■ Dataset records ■
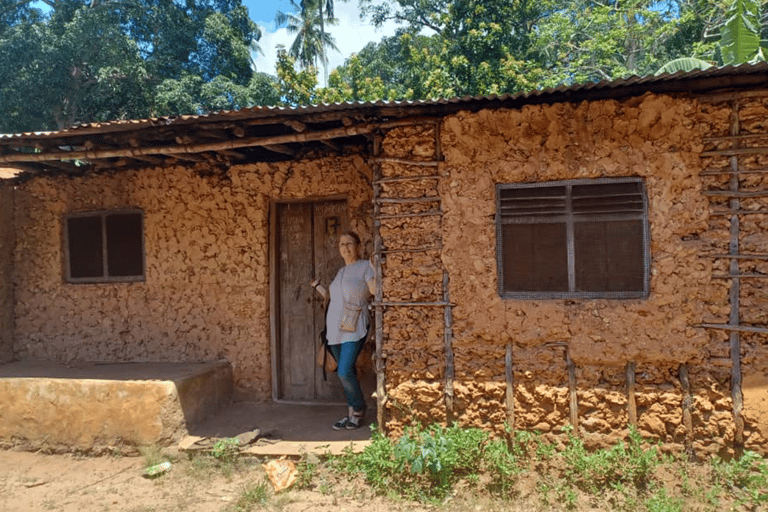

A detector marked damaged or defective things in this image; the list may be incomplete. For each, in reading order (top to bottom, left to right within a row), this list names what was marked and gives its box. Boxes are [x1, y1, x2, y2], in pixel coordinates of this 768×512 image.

rusty roof sheet [1, 63, 768, 140]
crack in mud wall [11, 156, 372, 400]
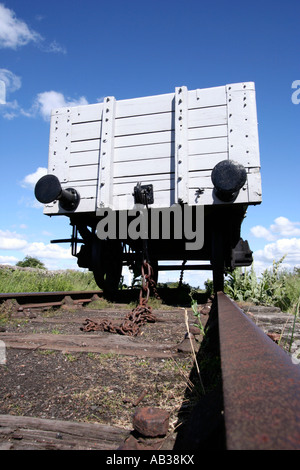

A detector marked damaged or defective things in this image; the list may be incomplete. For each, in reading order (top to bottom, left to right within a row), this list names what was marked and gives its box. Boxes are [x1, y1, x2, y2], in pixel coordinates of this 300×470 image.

rusty chain [79, 258, 159, 336]
rusty rail track [217, 292, 300, 450]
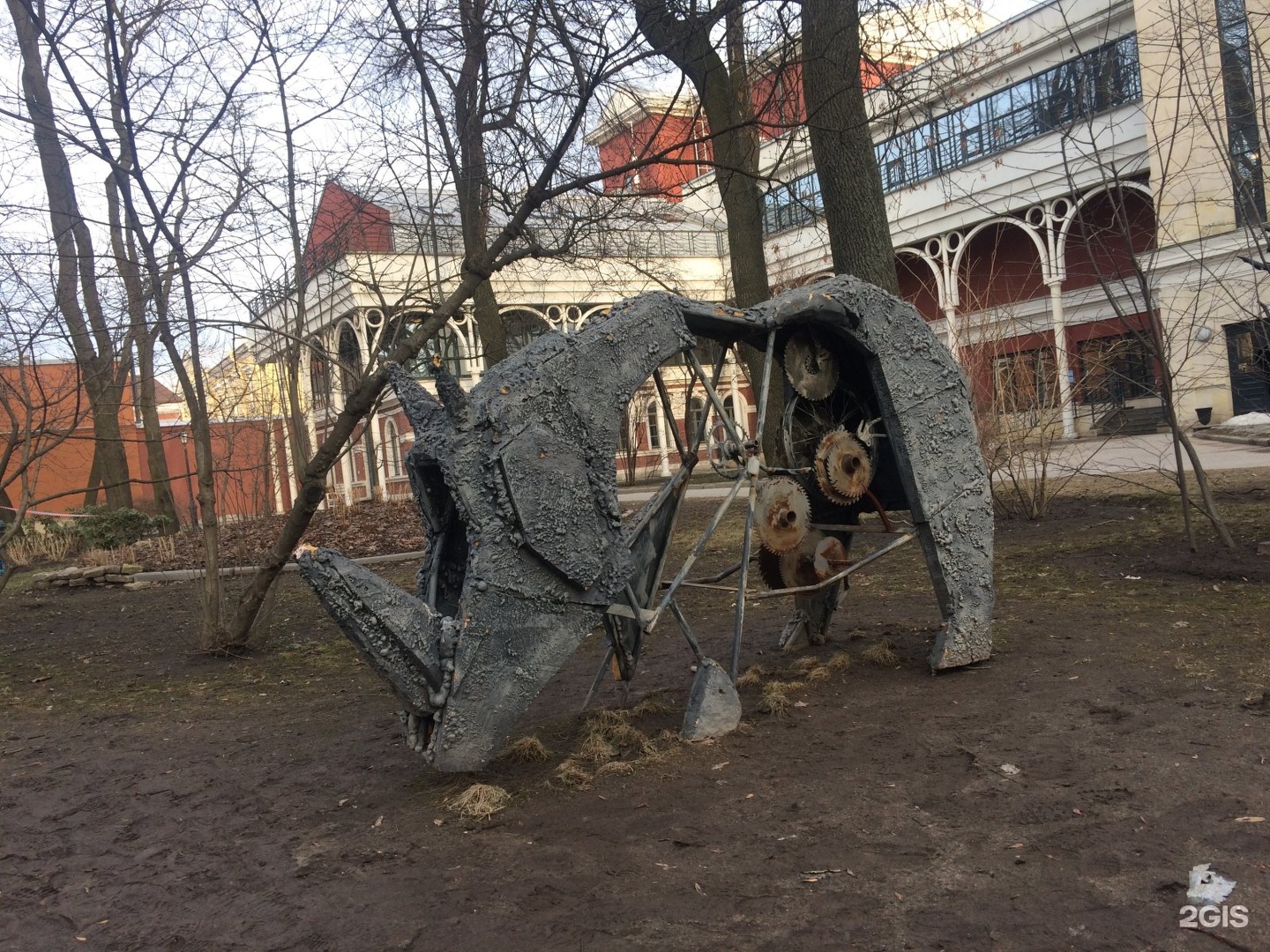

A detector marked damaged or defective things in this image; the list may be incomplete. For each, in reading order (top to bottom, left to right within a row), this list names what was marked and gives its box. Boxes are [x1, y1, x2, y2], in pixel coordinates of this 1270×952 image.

rusty gear wheel [777, 330, 838, 401]
rusty gear wheel [812, 431, 873, 508]
rusty gear wheel [757, 480, 807, 555]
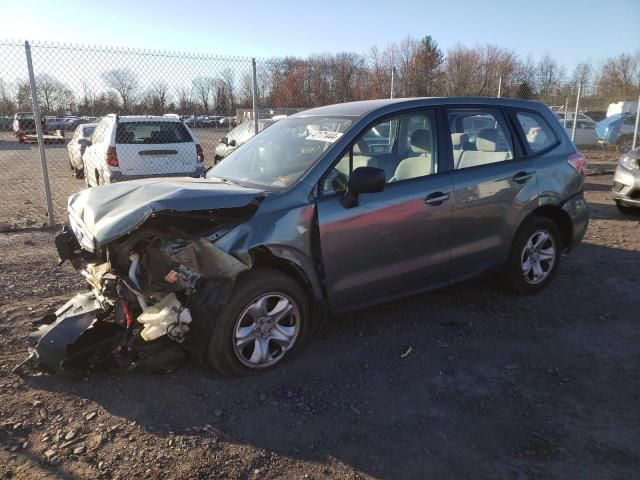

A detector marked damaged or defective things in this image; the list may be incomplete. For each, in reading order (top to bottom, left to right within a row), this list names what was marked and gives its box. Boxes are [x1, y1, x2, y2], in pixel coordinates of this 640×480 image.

front fender damage [20, 208, 255, 374]
crumpled front end [22, 204, 258, 374]
crushed hood [69, 178, 268, 249]
damaged silver suv [30, 98, 592, 376]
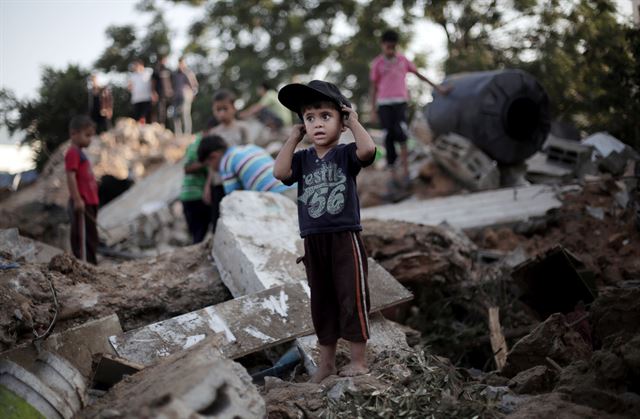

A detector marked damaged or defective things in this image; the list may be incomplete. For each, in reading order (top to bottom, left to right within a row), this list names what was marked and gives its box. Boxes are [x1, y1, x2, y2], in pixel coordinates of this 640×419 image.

broken concrete slab [0, 228, 63, 264]
broken concrete slab [98, 161, 182, 246]
broken concrete slab [362, 185, 568, 231]
broken concrete slab [1, 316, 122, 380]
broken concrete slab [79, 340, 264, 419]
broken concrete slab [110, 272, 410, 368]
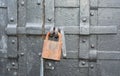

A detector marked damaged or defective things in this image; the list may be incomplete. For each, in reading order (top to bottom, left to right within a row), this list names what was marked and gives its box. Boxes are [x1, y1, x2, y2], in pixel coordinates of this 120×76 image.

rusty padlock [41, 31, 62, 60]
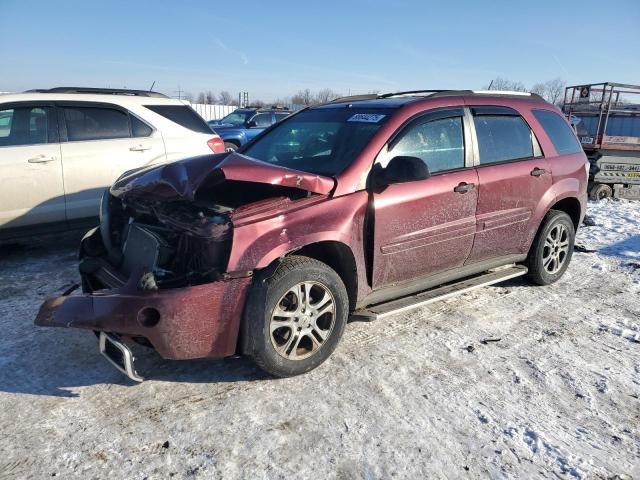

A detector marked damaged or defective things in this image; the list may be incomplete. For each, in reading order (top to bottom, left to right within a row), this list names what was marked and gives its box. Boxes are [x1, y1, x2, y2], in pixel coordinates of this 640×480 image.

rust on hood [111, 152, 336, 201]
crumpled hood [110, 152, 338, 201]
damaged front bumper [33, 260, 251, 362]
exposed front end damage [34, 152, 336, 370]
damaged maroon suv [33, 90, 584, 380]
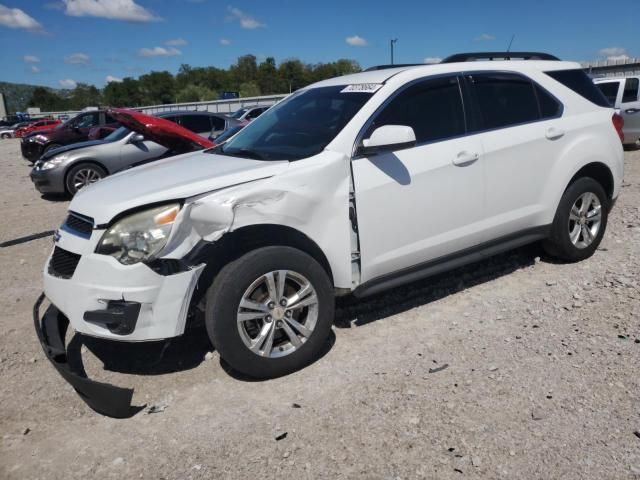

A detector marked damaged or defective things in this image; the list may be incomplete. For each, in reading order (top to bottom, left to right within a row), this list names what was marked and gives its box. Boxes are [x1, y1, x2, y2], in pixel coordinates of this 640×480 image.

damaged front bumper [34, 292, 136, 416]
damaged white suv [36, 52, 624, 418]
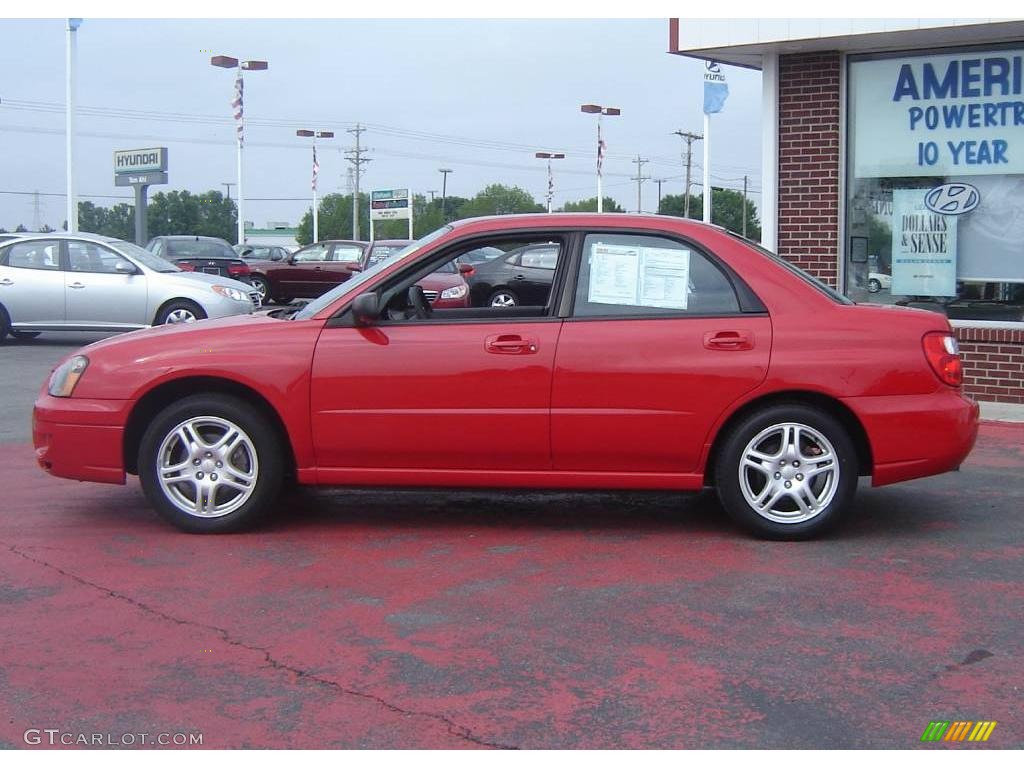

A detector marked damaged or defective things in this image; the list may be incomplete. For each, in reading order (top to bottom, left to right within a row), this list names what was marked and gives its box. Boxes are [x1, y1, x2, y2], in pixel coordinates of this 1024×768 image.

asphalt crack [6, 540, 520, 752]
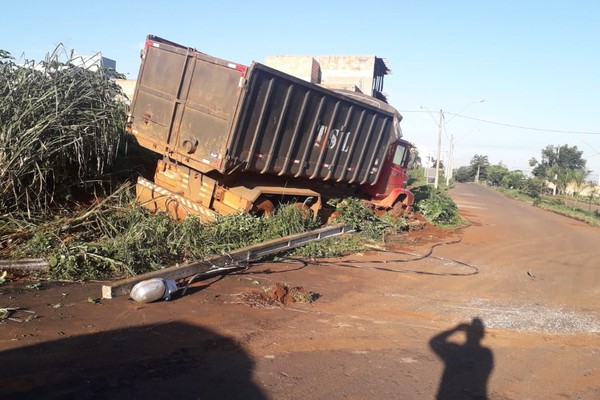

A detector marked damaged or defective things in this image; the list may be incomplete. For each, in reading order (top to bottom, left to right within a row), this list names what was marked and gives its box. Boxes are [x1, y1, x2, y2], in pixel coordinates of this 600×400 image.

rusty truck body [127, 34, 412, 220]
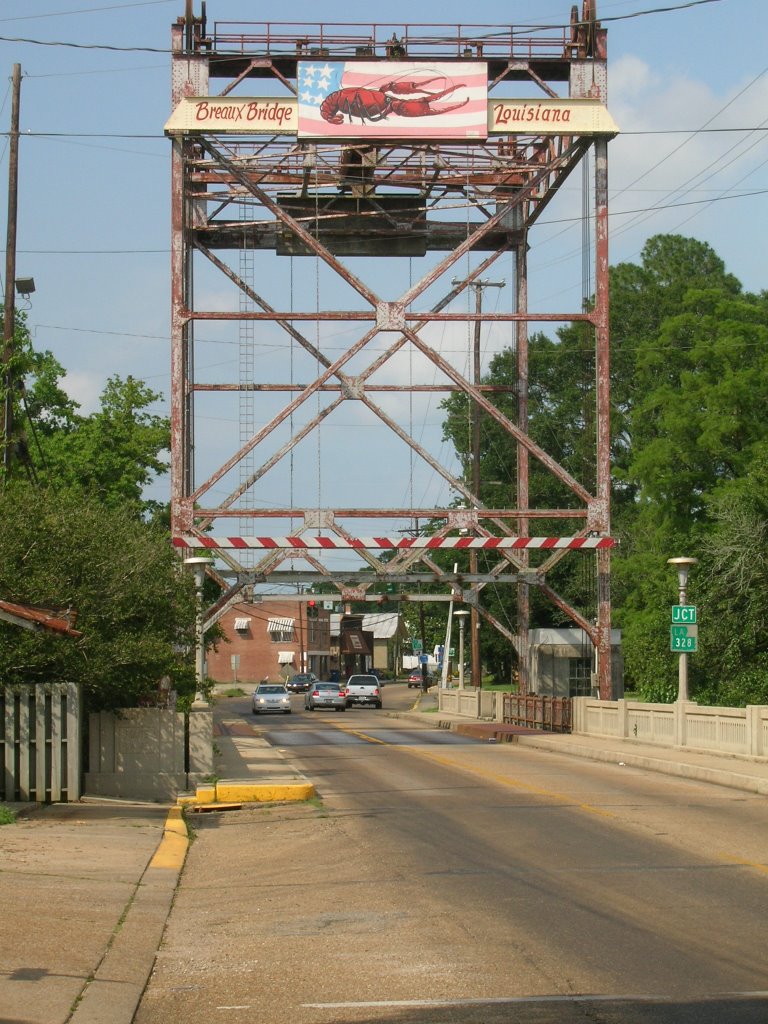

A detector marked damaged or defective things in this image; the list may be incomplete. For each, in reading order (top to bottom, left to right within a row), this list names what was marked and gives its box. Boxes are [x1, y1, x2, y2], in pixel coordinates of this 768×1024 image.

rusty lift bridge [166, 0, 616, 696]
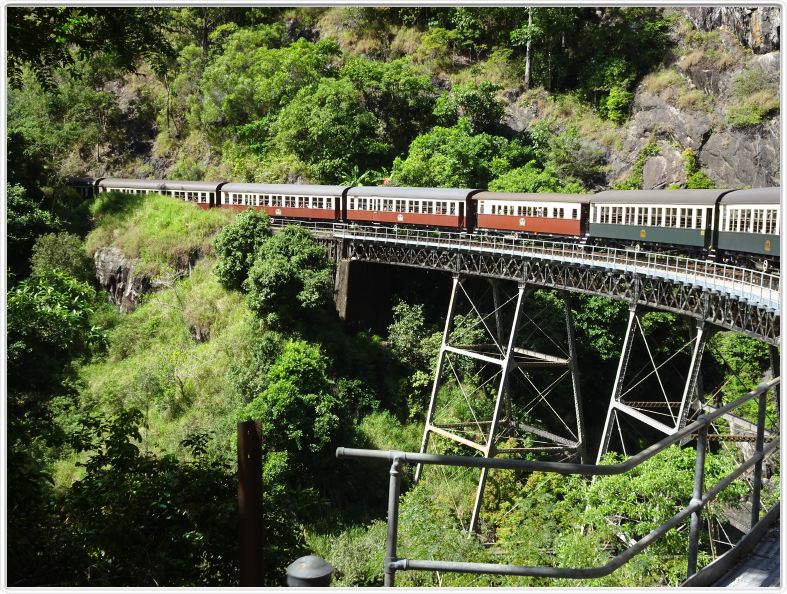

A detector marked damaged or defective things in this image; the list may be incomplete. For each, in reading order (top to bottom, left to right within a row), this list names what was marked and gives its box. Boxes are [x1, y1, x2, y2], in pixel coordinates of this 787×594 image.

rusty metal post [237, 418, 264, 584]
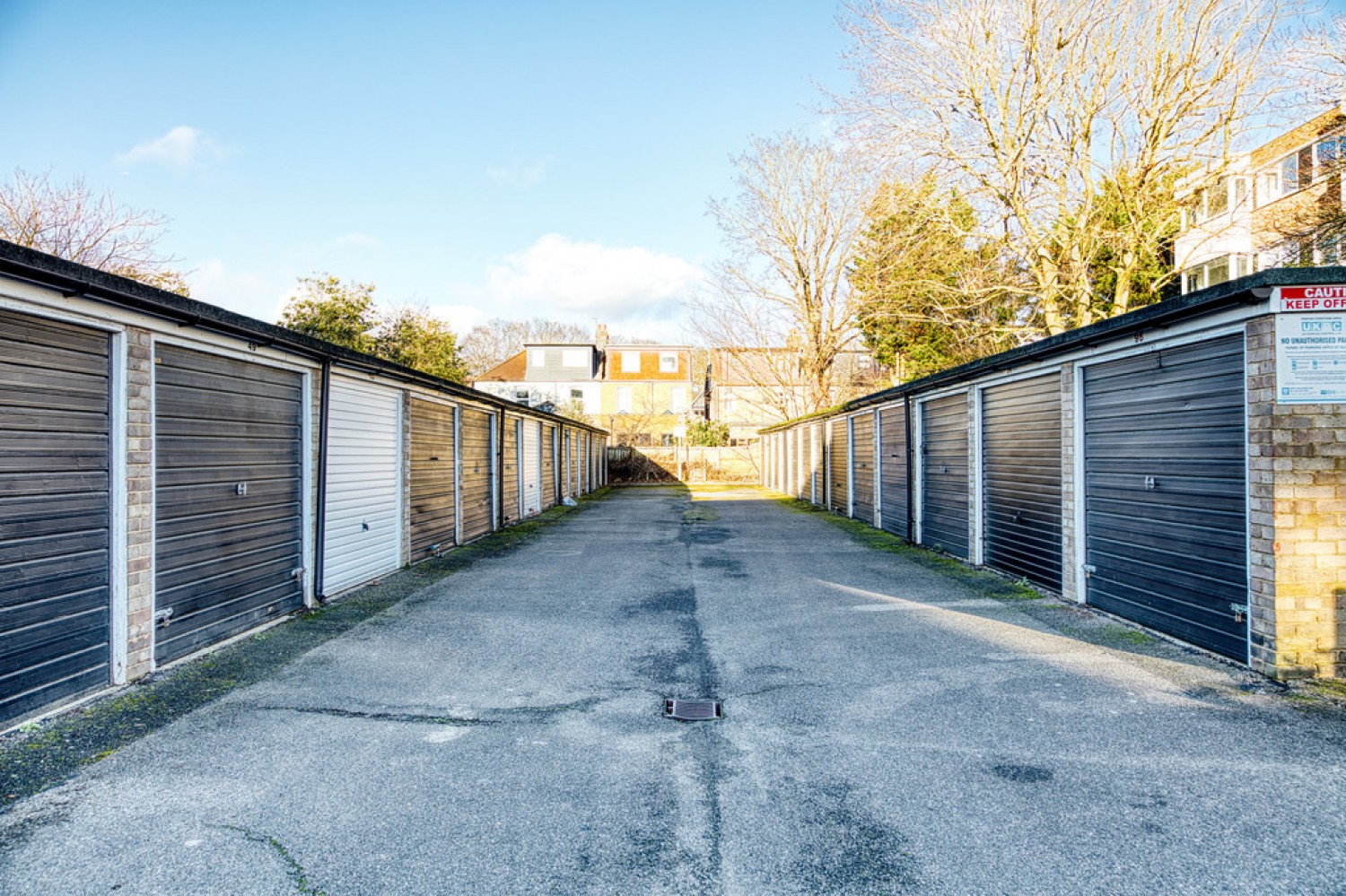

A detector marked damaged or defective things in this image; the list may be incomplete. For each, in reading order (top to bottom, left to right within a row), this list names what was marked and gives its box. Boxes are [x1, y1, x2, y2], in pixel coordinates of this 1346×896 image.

cracked tarmac [2, 488, 1346, 893]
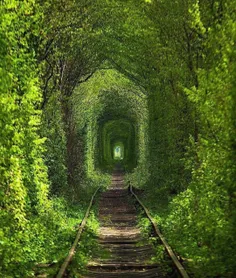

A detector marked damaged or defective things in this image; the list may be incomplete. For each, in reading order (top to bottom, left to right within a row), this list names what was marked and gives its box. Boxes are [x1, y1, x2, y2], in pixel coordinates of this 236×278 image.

■ Work task ■
Each record above has to be written out again in full, but its pictures must not be.

■ Written answer ■
A detector marked damaged or defective things in this image; the list may be incomplete. For each, in reading order (top to bottom, left to right within a row), this list names what was marked and gives its box. Boxes are [x1, y1, x2, y2], in pixel coordinates of this 768×512 image.

rusty roof sheet [1, 63, 768, 140]
crack in mud wall [11, 156, 372, 400]

A detector marked damaged or defective things in this image; the list may be incomplete. For each, in reading order (top to bottom, left to right within a row), this list names what was marked and gives its box. Boxes are [x1, y1, x2, y2], in pixel coordinates of this 300×470 image.

rusty chain [79, 258, 159, 336]
rusty rail track [217, 292, 300, 450]

A detector marked damaged or defective things in this image; the list may be incomplete. For each, in reading order (top to bottom, left to right within a row), this list names what was marked and gives its box. Boxes are [x1, y1, x2, y2], in pixel coordinates of this 1270×952 image.

rusty gear wheel [777, 330, 838, 401]
rusty gear wheel [812, 431, 873, 508]
rusty gear wheel [757, 480, 807, 555]

A detector marked damaged or defective things in this image; the list may be incomplete. For each, in reading order (top to bottom, left to right within a row), this list names what was marked and gives its box. Boxes are [x1, y1, x2, y2], in pixel coordinates of this 640×480 image.

front fender damage [20, 208, 255, 374]
crumpled front end [22, 204, 258, 374]
crushed hood [69, 178, 268, 249]
damaged silver suv [30, 98, 592, 376]

A detector marked damaged or defective things in this image; the list may be incomplete. For each, in reading order (top to bottom, left to right within a row), this list names what was marked and gives its box. Boxes are [x1, y1, x2, y2], in pixel coordinates of this 640×419 image.

broken concrete slab [0, 228, 63, 264]
broken concrete slab [98, 161, 182, 246]
broken concrete slab [362, 185, 568, 231]
broken concrete slab [1, 316, 122, 380]
broken concrete slab [79, 340, 264, 419]
broken concrete slab [110, 272, 410, 368]

A detector marked damaged or defective things in this image; the list may be incomplete. For each, in reading order (top to bottom, left to right within a row), this list names what was marked and gives its box. Boxes are [x1, y1, x2, y2], in pixel coordinates of this 120×76 image.

rusty padlock [41, 31, 62, 60]

A detector marked damaged or defective things in this image; the list may be incomplete. For each, in reading order (top to bottom, left to right within a row), this list names what was marked and gives its box. Boxes are [x1, y1, x2, y2], in pixel coordinates of this 640×480 image.

rust on hood [111, 152, 336, 201]
crumpled hood [110, 152, 338, 201]
damaged front bumper [33, 260, 251, 362]
exposed front end damage [34, 152, 336, 370]
damaged maroon suv [33, 90, 584, 380]

A detector marked damaged or defective things in this image; the list may be incomplete. For each, in reading order (top to bottom, left to right within a row), this list names what was marked and gives its box. Boxes are [x1, y1, x2, y2], in pixel coordinates of this 640×480 image.

damaged front bumper [34, 292, 136, 416]
damaged white suv [36, 52, 624, 418]

A detector marked damaged or defective things in this image; the list may be incomplete. For each, in reading order (top to bottom, left to right within a row), this list names what was marked and gives its box. Boxes are [x1, y1, x2, y2], in pixel coordinates of this 1024×768 image.

asphalt crack [6, 540, 520, 752]

A detector marked damaged or defective things in this image; the list may be incomplete. For each, in reading order (top to bottom, left to right within a row), this list names what was marked and gives its box. Boxes are [x1, y1, x2, y2], in pixel coordinates of this 600×400 image.

rusty truck body [127, 34, 412, 220]

A detector marked damaged or defective things in this image; the list may be incomplete. For each, in reading order (top to bottom, left to right within a row), this list names what was marked and gives its box. Boxes are [x1, y1, x2, y2], in pixel coordinates of this 768×1024 image.

rusty lift bridge [166, 0, 616, 696]

A detector marked damaged or defective things in this image; the list may be incomplete. For each, in reading order (top to bottom, left to right within a row), this list names what was marked and gives its box. Boxes are [x1, y1, x2, y2], in pixel coordinates of this 787×594 image.

rusty metal post [237, 418, 264, 584]

A detector marked damaged or defective things in this image; the list may be incomplete. For each, in reading order (top to bottom, left to right within a row), this list names what was marked and gives its box. Boxes are [x1, y1, x2, y2], in pixel coordinates of this 1346×896 image.

cracked tarmac [2, 488, 1346, 893]

A detector marked damaged or defective things in this image; the list may be incomplete. For each, in reading order (top to bottom, left to right within a row), this list names what was marked and gives its box. Boxes are [x1, y1, x2, y2], in pixel coordinates of this 236×278 image.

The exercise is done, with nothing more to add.